The range of a quadratic function is the set of real numbers less than or equal to -1. Which equations could represent that function
Select TWO correct answers
A.) f(x) = 2( x - 2 )^2 - 1
B.) f(x) = -3( x + 1 )^2 - 1
C.) f(x) = -4( x - 1 )^2 +1
D.) f(x) = -( x + 2 )^2 -1
E.) f(x) = ( x + 1 )^2 + 1
Quadratic functions are of the form f(x) = ax^2 + bx + c. If a < 0, the parabola opens downward, and the vertex represents the maximum point of the function. In this case, since the range of the function is all real numbers less than or equal to -1, we know that:
1. The coefficient 'a' must be negative, so that the parabola opens downward.
2. The y-coordinate of the vertex will be -1 because this is the maximum value of the function.
Given these criteria, let's examine the options:
A.) f(x) = 2(x - 2)^2 - 1
Here, 'a' is positive (2), so the graph opens upward. This cannot represent a function with a maximum value of -1. This is incorrect.
B.) f(x) = -3(x + 1)^2 - 1
Here, 'a' is negative (-3), and the vertex form of the quadratic shows that the vertex is at (-1, -1). This meets the criteria for the range. This is one correct option.

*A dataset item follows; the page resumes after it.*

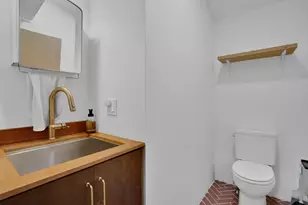 1146 Federal St, Belchertown, MA 01007 - Photo 25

C.) f(x) = -4(x - 1)^2 + 1
Here, 'a' is negative (-4), but the y-coordinate of the vertex is +1, which is not the maximum value for the given range. Therefore, it does not satisfy the requirement. This is incorrect.
D.) f(x) = -(x + 2)^2 - 1
Here, 'a' is negative, and the quadratic is translated 2 units to the left and 1 unit down. This puts the vertex at (-2, -1), which means the range would be less than or equal to -1, fitting the requirements. This is another correct option.
E.) f(x) = (x + 1)^2 + 1
Here, 'a' is positive, so the graph opens upward, again not fitting the requirements of the given range. This is incorrect.
The correct answers are B and D.